### The problem:
If a picture appears in the records, leave it out and transcribe the rest exactly.

(Stored data)

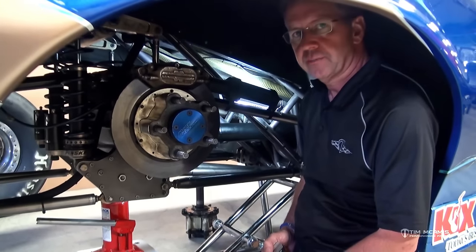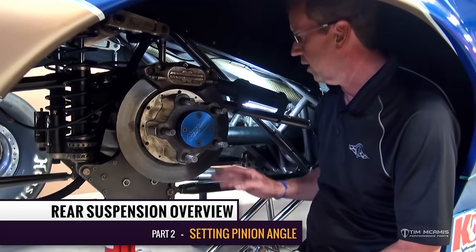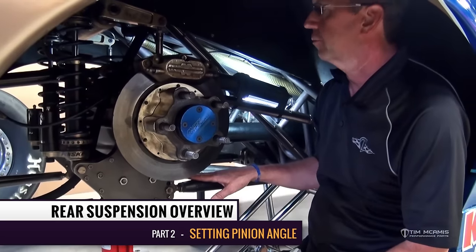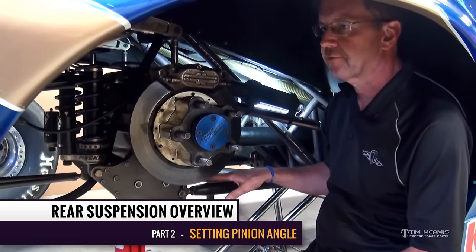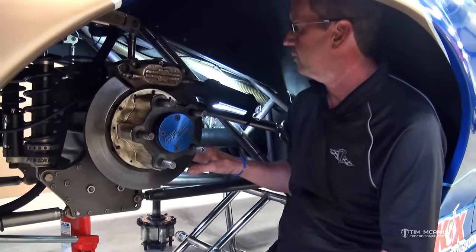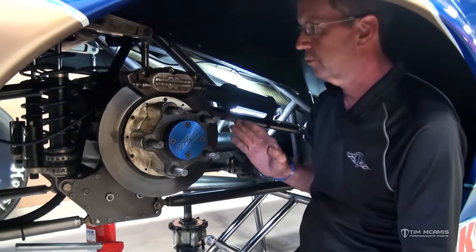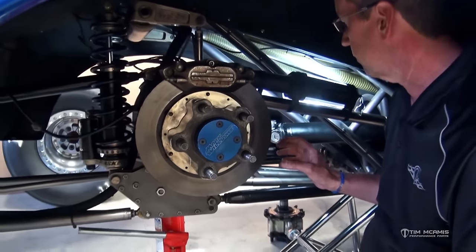Hey everybody, I'm going to switch up the chassis here. I started with the rear end alignment on the display chassis which we have in our showroom. But I have a complete car in the shop today and I want to go to the next step after the alignment, which is setting the pinion angle. Since this car is in here, it's got a third member, it's got a drive shaft in it, I want to go through the steps of setting the pinion angle accurately on the chassis.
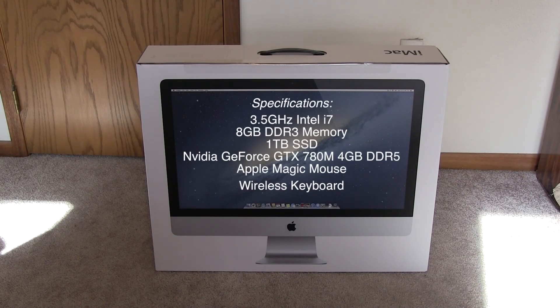Hey guys, DJAJ101 with you here today and I'm here with an unboxing for you guys of the late 2013 27-inch iMac. I'm getting this iMac to replace my Mac Pro. A lot of my loyal subscribers have seen all my upgrade videos on the Mac Pro. I did sell it earlier this year in anticipation of the new iMacs — I figured I didn't need all that raw processing power anymore. The 27-inch iMac really fit the bill well and I get a nice big 27-inch display on top of it.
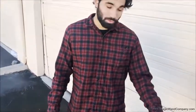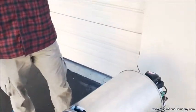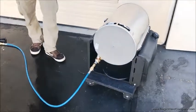Alright, so we have the diesel water heater. I'm using 800 PSI and I have it on the max setting right here. I just wanted to show you guys...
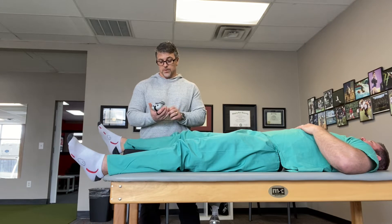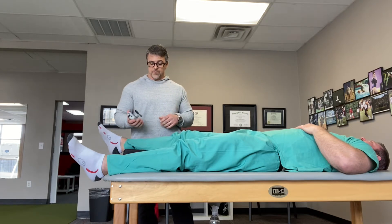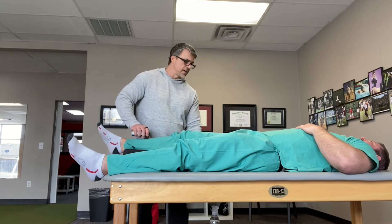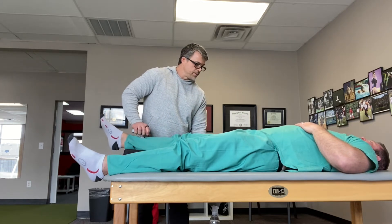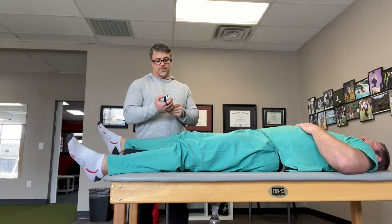So what I'm going to have John do is — we've got him on a bolster here so we're at the same angle before and after. I'm going to have you push up as hard as you can until you hear the second beep. Push, push, push, push. Good. So 47 foot-pounds.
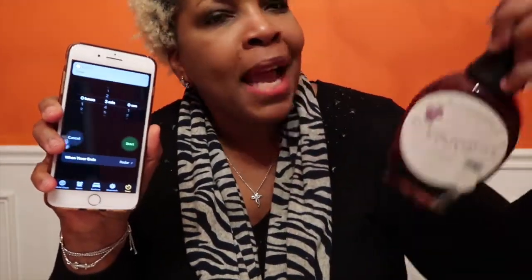Well, guys, I hope that you enjoyed this episode of In3 to Review Thursdays with me, Lisa, showcasing my Blackberry Patch syrup. Until next time — peace, love, bye!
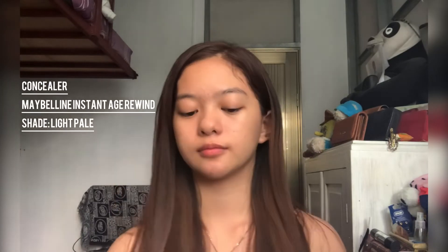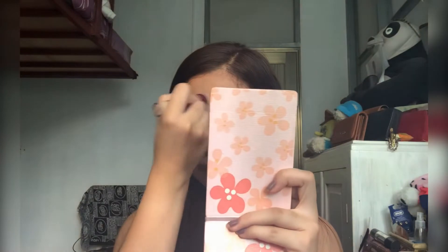For my concealer, I'm using this Maybelline Instant Age Rewind in the shade Light Pale. Focus it on the areas where you need coverage — for me, that's my dark spots and under eyes. I'm using a damp sponge to blend, and I dampened my sponge with my mist.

### Answer box:
Hey everybody, I'm going to switch up the chassis here. I started with the rear end alignment on the display chassis which we have in our showroom. But I have a complete car in the shop today and I want to go to the next step after the alignment, which is setting the pinion angle. Since this car is in here, it's got a third member, it's got a drive shaft in it, I want to go through the steps of setting the pinion angle accurately on the chassis.
Hey guys, DJAJ101 with you here today and I'm here with an unboxing for you guys of the late 2013 27-inch iMac. I'm getting this iMac to replace my Mac Pro. A lot of my loyal subscribers have seen all my upgrade videos on the Mac Pro. I did sell it earlier this year in anticipation of the new iMacs — I figured I didn't need all that raw processing power anymore. The 27-inch iMac really fit the bill well and I get a nice big 27-inch display on top of it.
Alright, so we have the diesel water heater. I'm using 800 PSI and I have it on the max setting right here. I just wanted to show you guys...
So what I'm going to have John do is — we've got him on a bolster here so we're at the same angle before and after. I'm going to have you push up as hard as you can until you hear the second beep. Push, push, push, push. Good. So 47 foot-pounds.
Well, guys, I hope that you enjoyed this episode of In3 to Review Thursdays with me, Lisa, showcasing my Blackberry Patch syrup. Until next time — peace, love, bye!
For my concealer, I'm using this Maybelline Instant Age Rewind in the shade Light Pale. Focus it on the areas where you need coverage — for me, that's my dark spots and under eyes. I'm using a damp sponge to blend, and I dampened my sponge with my mist.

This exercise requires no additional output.